Wednesday, January 5, 2011

Urban Orphan

In southern Colorado is a county named Huerfano, a word that means "orphan" in Spanish. About sixty miles north of the New Mexico border off I-25, you can't miss the county's namesake: Huerfano Butte. This lone volcanic plug lies east of the highway among scattered sagebrush and yucca plants. It seems lonely, lost on the prairie, far removed from the lofty peaks to the west.

Another 150 miles north of Huerfano Butte, a busy, bustling street cuts through the heart of downtown Denver. Broadway is home to our finest old hotel and is one block distant from the city's tallest building. As Denver grew, a good number of its original buildings fell victim to progress, demolished to make way for skyscrapers and modern edifices. But there remain many historical places mixed in among the sterile, gleaming towers of glass.

One such place sits near the corner of 20th and Broadway--busy street in front, light rail train station at the rear, three diminutive stories dwarfed by towering luxury condominiums--an urban orphan far removed from its contemporaries.

Using a configuration common at the time, the exterior walls were designed to make best use of space on a wedge-shaped lot. Looking at the building from the rear it seems unremarkable, plain, with three square sides. But standing at the northwest corner, the triangular walls appear much like the pointed end of a large slice of architectural pie.

It may not have a fascinating background chronicled in newspaper archives. Its facade is not likely to be featured in the western history photographic collection at the Denver Public Library. Yet 1980 Broadway has a past I cannot forget.

Some time after my family moved to the Denver area, my grandfather followed to be near his youngest daughter and son. For a while in the early sixties he lived at 1980 Broadway, where we visited him from time to time. A trip to downtown Denver from our quiet suburb was always an adventure. I remember peering out the car window as we passed buildings no more than four or five stories, inconceivable heights to a little girl used to living in a small ranch-style home.

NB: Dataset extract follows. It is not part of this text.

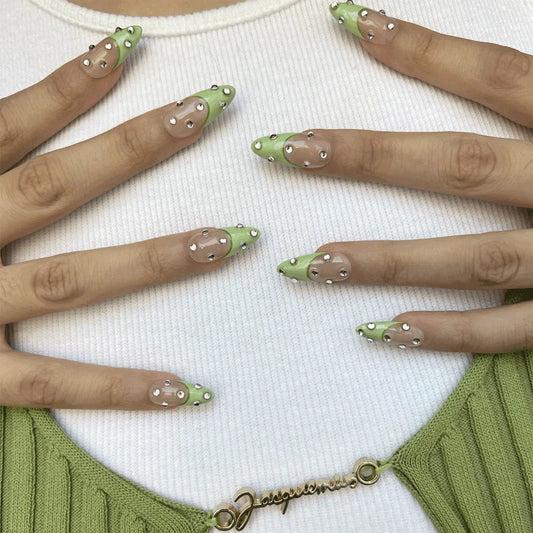 Gemstone avocado green nails. Press on nails. On-hand image. 8 press-ons.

Even now I can close my eyes and be transported back in time to the boarding house where grampa lived.

Through the front door is the lobby and a dark, smoky sitting area with decrepit furniture, upright piano shoved against the staircase wall. The steep staircase heads straight up one side of the building. Grampa's apartment is at the very top of that dark, forbidding stairwell.

Such a tiny living space! The first thing you see is the sofa bed, then a small table and chair in the corner. Turn left into the tiniest kitchen you could ever imagine, and through another doorway is a bathroom with windows that open onto the most incredible part of his apartment: a fire escape!

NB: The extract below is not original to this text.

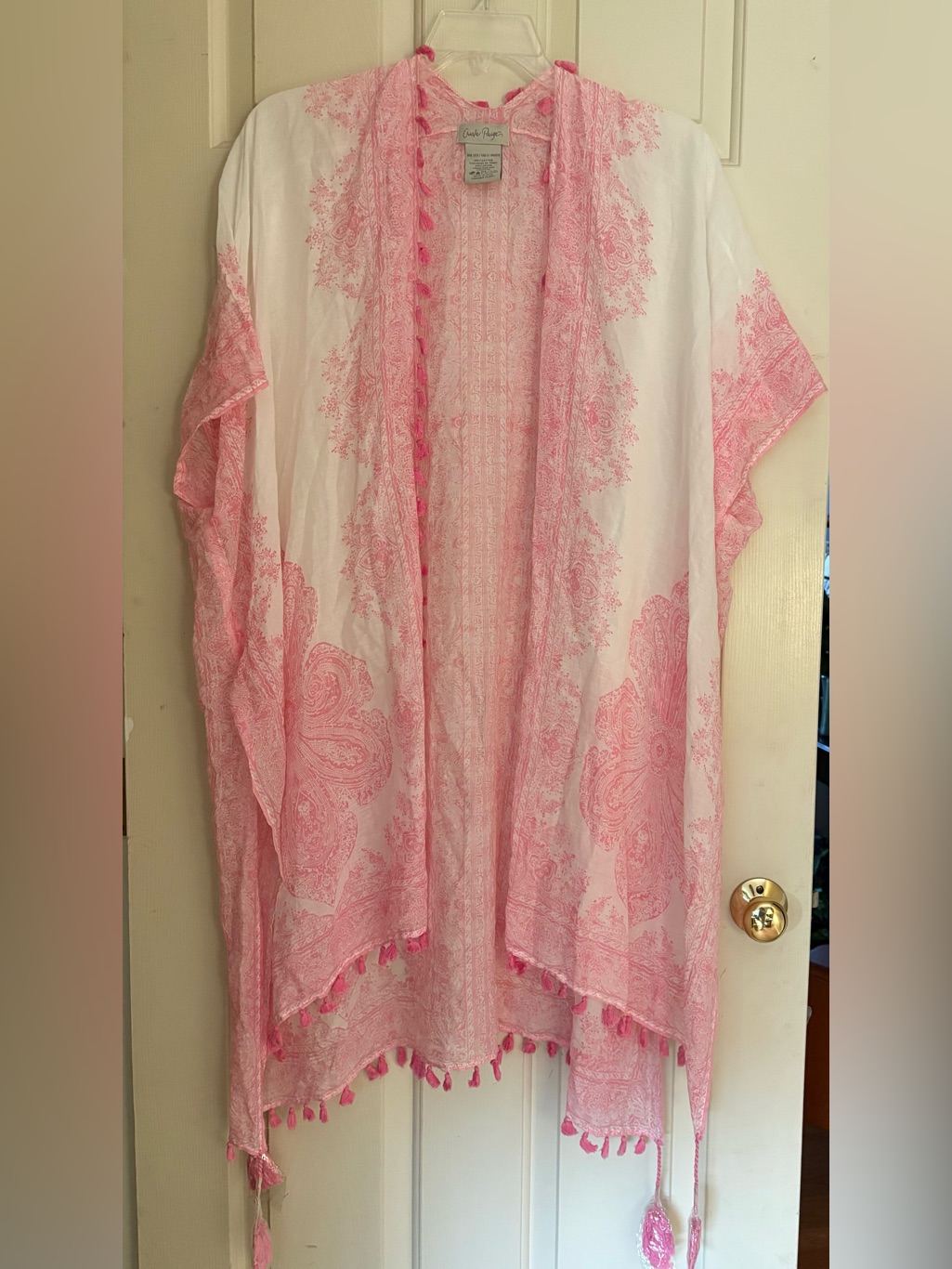Charlie Paige Light Pink And White Tassel Kimono Cover-Up One Size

My brother and I loved to crawl out the window to that fire escape. Mom and dad would visit with grampa while we indulged ourselves in imaginary New York City-type scenarios on the tiny metal balcony, the likes of which we had never seen before.

Grampa came to live with us before he died. Mom told me that he missed his apartment and the city, where he could walk several blocks to Civic Center Park, meet up with other elderly city dwellers, and talk about the old days while playing checkers.

I'm not sure how this particular building managed to survive Denver's march ever forward and upward. Now it hosts a Budget Rent a Car office, where this week we stopped to visit. The two young women working at the counter were friendly and interested to hear stories about a brief period in the building's history. They told us the upstairs rooms are sealed off, unused and in disrepair. We peered up the dark staircase and saw a mess of cracked, peeling plaster and rickety stairs.

Then came the best part of the day. "Did anyone ever tell you if the building is haunted?" one woman asked. She said that one day she was alone but felt a hand on her shoulder. Another time she witnessed her office chair spinning on its own. Both women have discovered cabinet doors in the back office hanging wide open not long after they were closed.

Whether or not you believe in ghosts as I do, the stories are fun to hear. So I told them my grampa's name, Evan, and said next time something happens... and on the off chance it is him... just say hello.

Now when I pass the building, it won't seem so much like an orphan.